*TASK PROMPT:*
Reproduce verbatim all of the data given below, but do not carry over the images.

╭─ DATA SHOWN

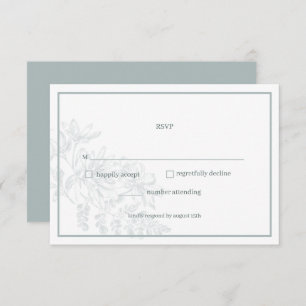 Soft Sage Green Floral Simple Wedding RSVP Card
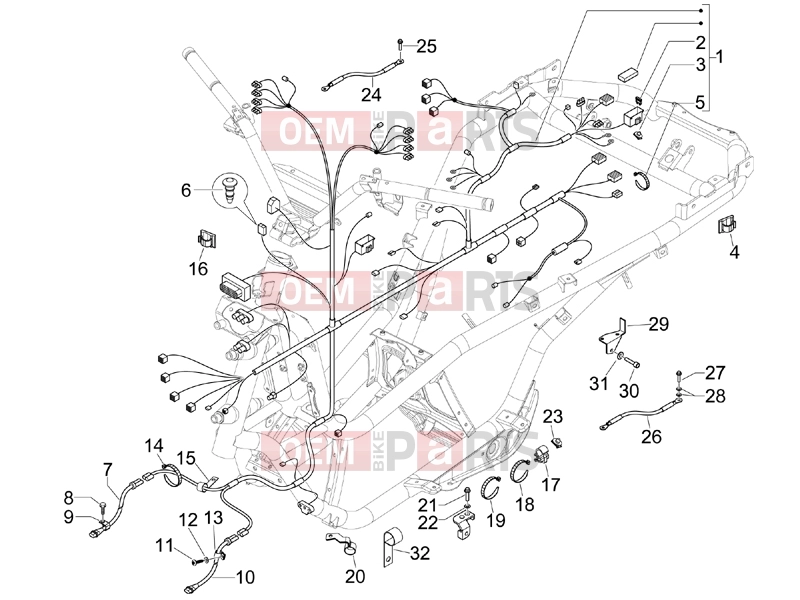 Electrical system » Main cable harness - Piaggio MP3 400 ie 2010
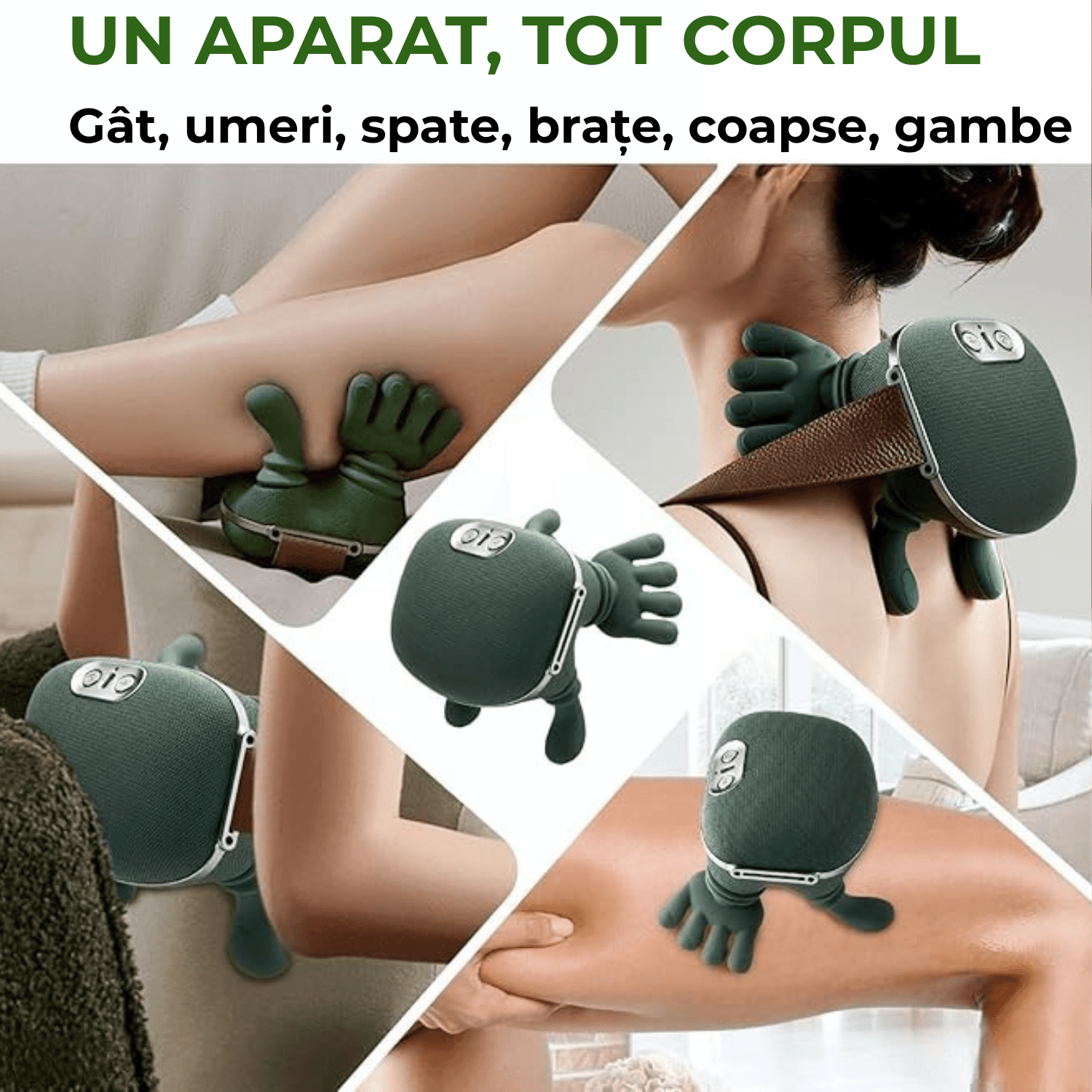 Aparat Masaj Cervical Multifunctional JustNet®, 4D Shiatsu pentru Gat, Umeri, Spate, Brate si Gambe - imagine 12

╰─

*TASK RESULT:*
 Soft Sage Green Floral Simple Wedding RSVP Card
 Electrical system » Main cable harness - Piaggio MP3 400 ie 2010
 Aparat Masaj Cervical Multifunctional JustNet®, 4D Shiatsu pentru Gat, Umeri, Spate, Brate si Gambe - imagine 12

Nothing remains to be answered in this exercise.